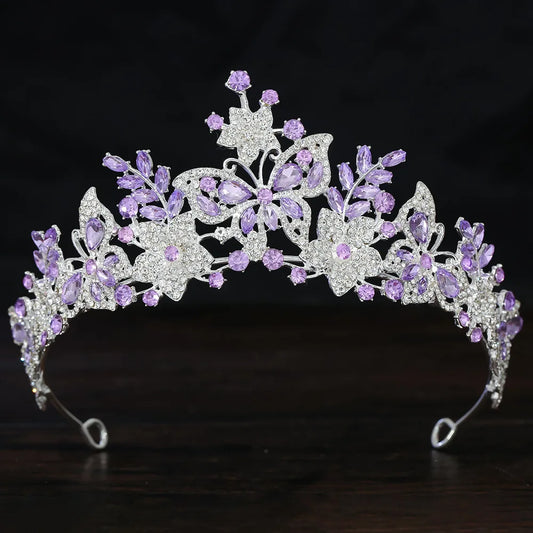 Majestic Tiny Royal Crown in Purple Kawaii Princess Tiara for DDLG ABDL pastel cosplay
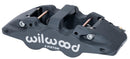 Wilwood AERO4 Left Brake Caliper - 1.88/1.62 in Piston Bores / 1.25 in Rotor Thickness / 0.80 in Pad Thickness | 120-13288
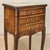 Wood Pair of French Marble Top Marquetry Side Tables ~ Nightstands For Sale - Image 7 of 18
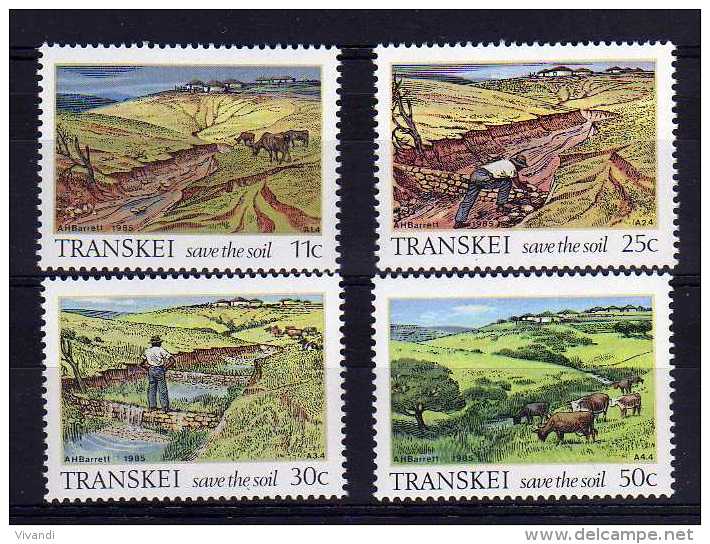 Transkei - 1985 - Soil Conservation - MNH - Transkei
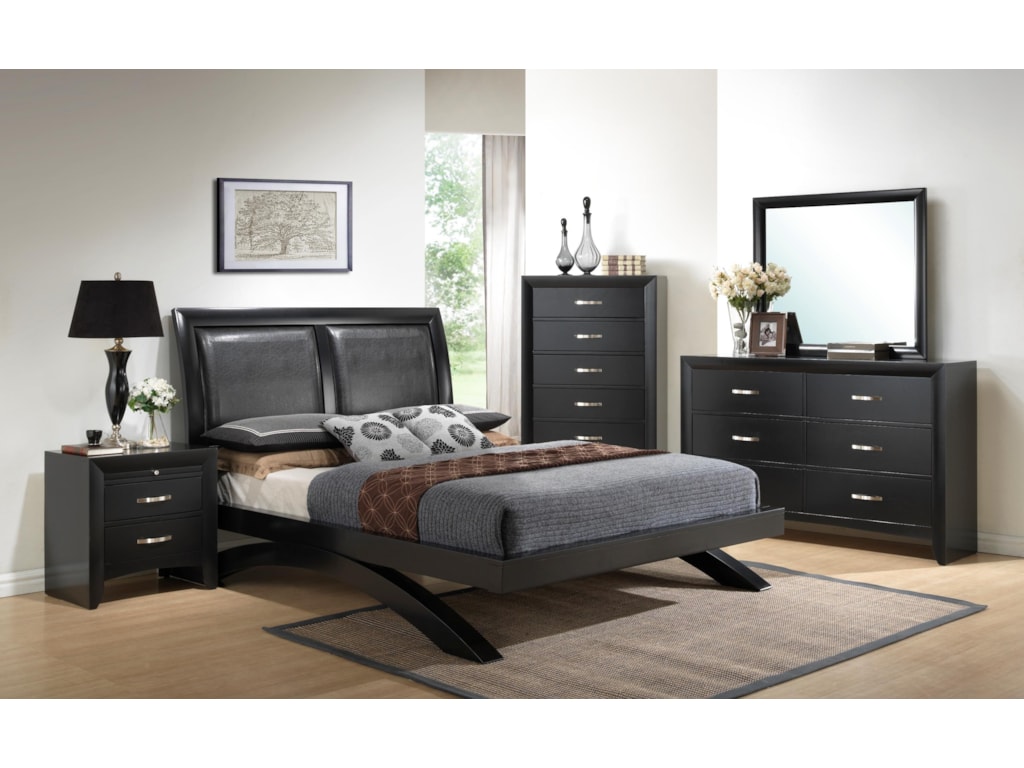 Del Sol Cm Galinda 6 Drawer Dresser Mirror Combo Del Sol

REQUIRED WORK –
The listing above must be repeated exactly, apart from the pictures.

SOLVED EXERCISE –
 Majestic Tiny Royal Crown in Purple Kawaii Princess Tiara for DDLG ABDL pastel cosplay
 Wilwood AERO4 Left Brake Caliper - 1.88/1.62 in Piston Bores / 1.25 in Rotor Thickness / 0.80 in Pad Thickness | 120-13288
 Wood Pair of French Marble Top Marquetry Side Tables ~ Nightstands For Sale - Image 7 of 18
 Transkei - 1985 - Soil Conservation - MNH - Transkei
 Del Sol Cm Galinda 6 Drawer Dresser Mirror Combo Del Sol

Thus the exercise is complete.